Selina Nkoile is the kind of woman who sees possibilities where others see obstacles. In Kenya’s Rift Valley, many Maasai girls like Nkoile marry before they can finish secondary school. So when she learned that her alma mater, Naning’oi Girls’ School, the first and only girls’ school in the area, was at risk of closing due to low enrollment, she called together a community of volunteers to save it. “We told them that if we just sit down and wait, we can never have change,” Nkoile says in a YALI Voices podcast.
One morning, Nkoile and a team of volunteers borrowed a car and drove to villages around Kajiado County, knocking on doors to enroll girls in school. They were accompanied by police because then parents would be more likely to cooperate when Nkoile explained that girls’ education is compulsory under Kenyan law. In a few hours, they had enrolled 45 girls.

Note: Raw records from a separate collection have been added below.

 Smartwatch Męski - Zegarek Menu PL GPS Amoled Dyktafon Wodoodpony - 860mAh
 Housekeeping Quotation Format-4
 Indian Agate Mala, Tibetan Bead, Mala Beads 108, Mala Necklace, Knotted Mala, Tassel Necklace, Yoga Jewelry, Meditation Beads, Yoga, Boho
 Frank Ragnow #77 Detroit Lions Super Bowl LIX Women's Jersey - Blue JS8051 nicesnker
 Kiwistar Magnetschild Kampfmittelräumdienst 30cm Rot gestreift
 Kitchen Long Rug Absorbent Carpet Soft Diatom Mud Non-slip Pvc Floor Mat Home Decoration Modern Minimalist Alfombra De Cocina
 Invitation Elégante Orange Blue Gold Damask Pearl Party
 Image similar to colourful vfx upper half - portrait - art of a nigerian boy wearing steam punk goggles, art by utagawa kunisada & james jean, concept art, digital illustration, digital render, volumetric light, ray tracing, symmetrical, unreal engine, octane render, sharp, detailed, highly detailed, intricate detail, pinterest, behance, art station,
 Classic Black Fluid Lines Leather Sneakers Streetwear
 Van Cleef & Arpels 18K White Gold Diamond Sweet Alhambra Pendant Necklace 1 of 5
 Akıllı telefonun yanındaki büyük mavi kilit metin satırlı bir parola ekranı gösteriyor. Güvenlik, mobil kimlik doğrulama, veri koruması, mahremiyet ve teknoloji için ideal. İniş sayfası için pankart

That day, they moved the girls four hours west of Nairobi to Naning’oi Girls’ School in Mosiro. Five more girls set out for the school on their own. “They would come home, find that their sisters are not there, and they ran to school,” Nkoile says. “So it got to 50.”
Nkoile does much of this work alone since other volunteers, particularly the young men, fear community backlash against educating girls. “They were saying that the parents will be angry at us and curse us. But I always tell them as long as you’re doing the right thing, there’s no way anybody can do anything to you.”
She organized another trip in June to enroll more students. “I know that education is the only way to a good future and education is the only way to an empowered society. So, my heart bleeds knowing that there are many kids out in the village who are being denied this opportunity. That’s what I decided I will do until I see that the girls are going to school.”
This Mandela Day, Nkoile wants the YALI Network to help others. “I just want to tell the YALI members to get out of their comfort zones and help a person who is not able to – to maybe help a child who is not able to afford an education or help someone who cannot pay them back.”
Listen to YALI Voices to hear more about Nkoile’s work through her nonprofit organization, Nashipai Maasai Community Project, or read the complete interview transcript below:
U.S. DEPARTMENT OF STATE
YALI Voices Podcast: Selina Nkoile
SELINA NKOILE: I mean, there’s a lot to be done in the communities, but I just want to tell the YALI members to get out of their ways, to get out of their comfort zones and help someone who cannot pay them back.
VOICE OVER: This is the YALI Voices podcast, your home for sharing the best stories from the Young African Leaders Initiative Network. In this edition of YALI Voices, we spend time with Selina Nkoile.
SELINA NKOILE: My name is Selina Nkoile. N-K-O-I-L-E.
VOICE OVER: Selina is from Mosiro, in Kenya’s Rift Valley. She is a youth advocate and a fierce supporter of the right of women and girls to receive a formal education.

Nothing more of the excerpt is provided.